Complete HarpWeek Biography:
Ward Lamon, law partner and sometimes bodyguard of Abraham Lincoln, was born in Frederick County, Virginia, to Elizabeth Ward Lamon and George Lamon. At the age of 19 young Lamon moved to Danville, Illinois, where he studied law and was admitted to the bar a few years later. In 1852 he formed a law partnership with Abraham Lincoln, and the two developed a close, lifelong friendship. A colorful character, Lamon was known for his bawdy humor and heavy drinking. When Lincoln reentered electoral politics, Lamon worked in Honest Abe’s unsuccessful 1858 senatorial campaign against incumbent Stephen Douglas and in his victorious presidential campaign in 1860. Lamon journeyed with the president-elect to Washington, D.C., serving as his bodyguard.

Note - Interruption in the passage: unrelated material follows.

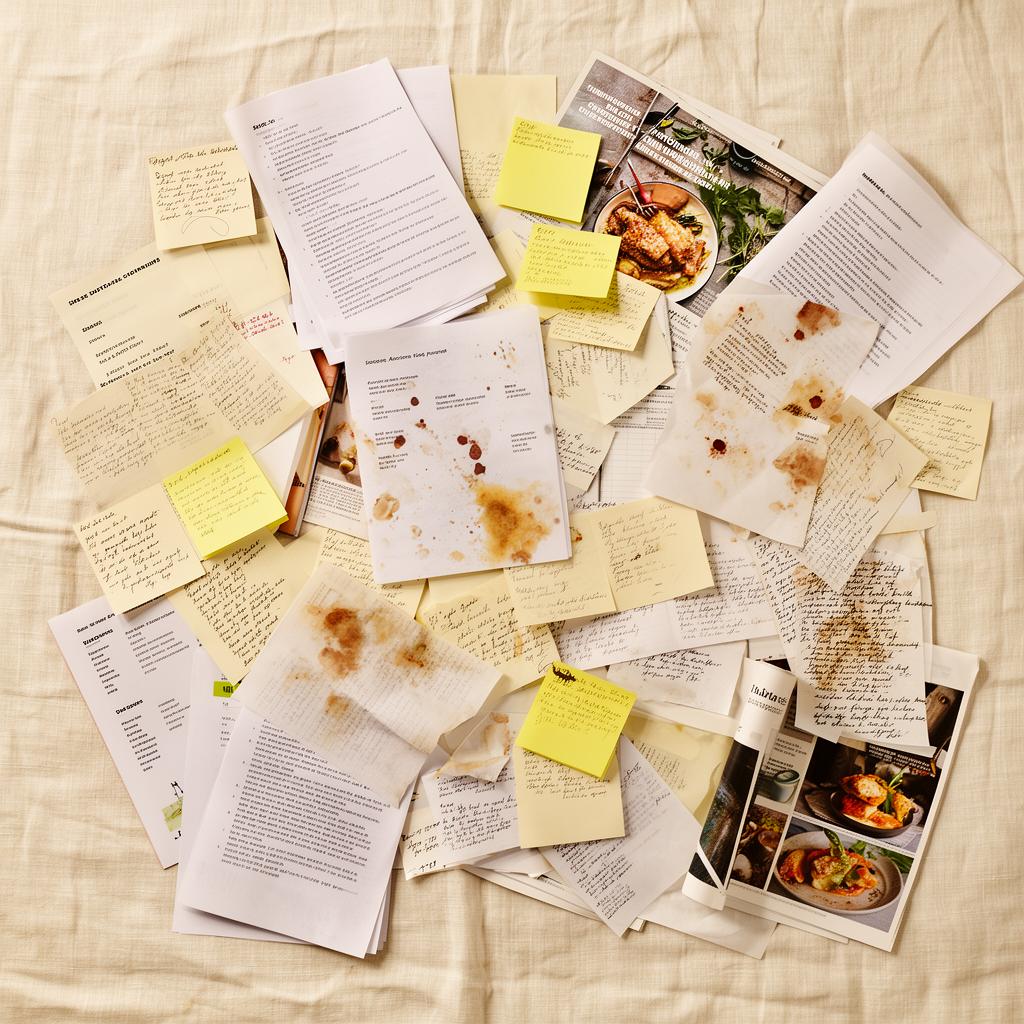 Scattered recipe papers and notes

The new president named Lamon to the post of marshal for the District of Columbia. He delighted in the job but quarreled frequently with other officials, particularly the district’s military governor. Opposed to both abolition and the expansion of slavery, Lamon generated controversy by enforcing the fugitive slave act while it remained the law of the land. On April 14, 1865, he was on assignment in Richmond so, to his later regret, did not accompany Lincoln to Ford’s Theater, where the president was assassinated.

Lamon ended his tenure as marshal and formed a law partnership with Jeremiah Black, the former U.S. attorney general and secretary of state under President James Buchanan. He also began collecting Lincoln documents and in 1872 published the first volume of a Lincoln biography. It was ghost-written by his law partner’s son, Chauncey Black, and, apparently unknown to Lamon, manifested an anti-Lincoln bias. The projected second volume was not produced. In 1879 he and Black dissolved their partnership, and Lamon then traveled and occasionally practiced law on his own.

Source consulted: American National Biography.